Oh, Janine Turner. She was such a lovely footnote to the ’90s: she had a charming role in a successful TV show (brassy pilot Maggie O’Connell in “Northern Exposure”), and she played the love interest in one of the less-sucky
Sylvester Stallone movies of the decade (Cliffhanger). And while she returned to respectable television in one season of “Friday Night Lights,” this is what’s become of her since: a poor man’s Lisa Rinna shilling for something called “Christoga.”

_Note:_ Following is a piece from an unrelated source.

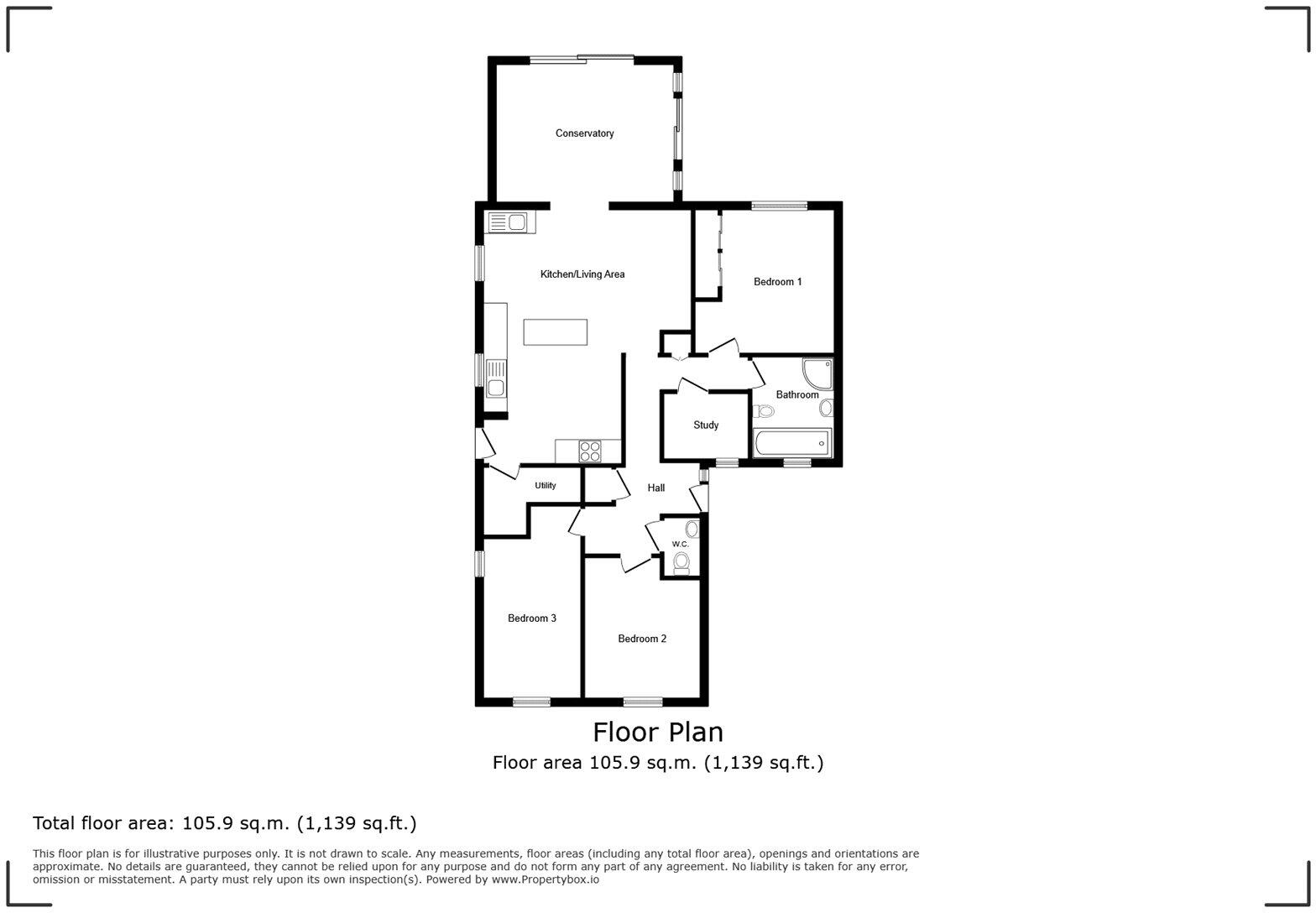 Cliff Road, Totland Bay, Isle of Wight floorplan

What’s Christoga, you ask? It’s Christian yoga (“yoga-filled body, Christ-filled soul”), and it’s a necessary development because regular yoga secretly spreads blasphemous Hindu teachings.
I guess it goes without saying that she’s part of the Tea Party movement, huh? Great. It’s getting impossible to enjoy a little ’90s nostalgia without some wacko broad opening the door for a political flame war. I guess I’ll toss Janine over here in the crazy pile with Victoria Jackson and Christine O’Donnell.



Crazy cougar who’s into yoga!? She’s a walking porno!
i thought Lisa Rinna was a poor man’s Lisa Rinnna.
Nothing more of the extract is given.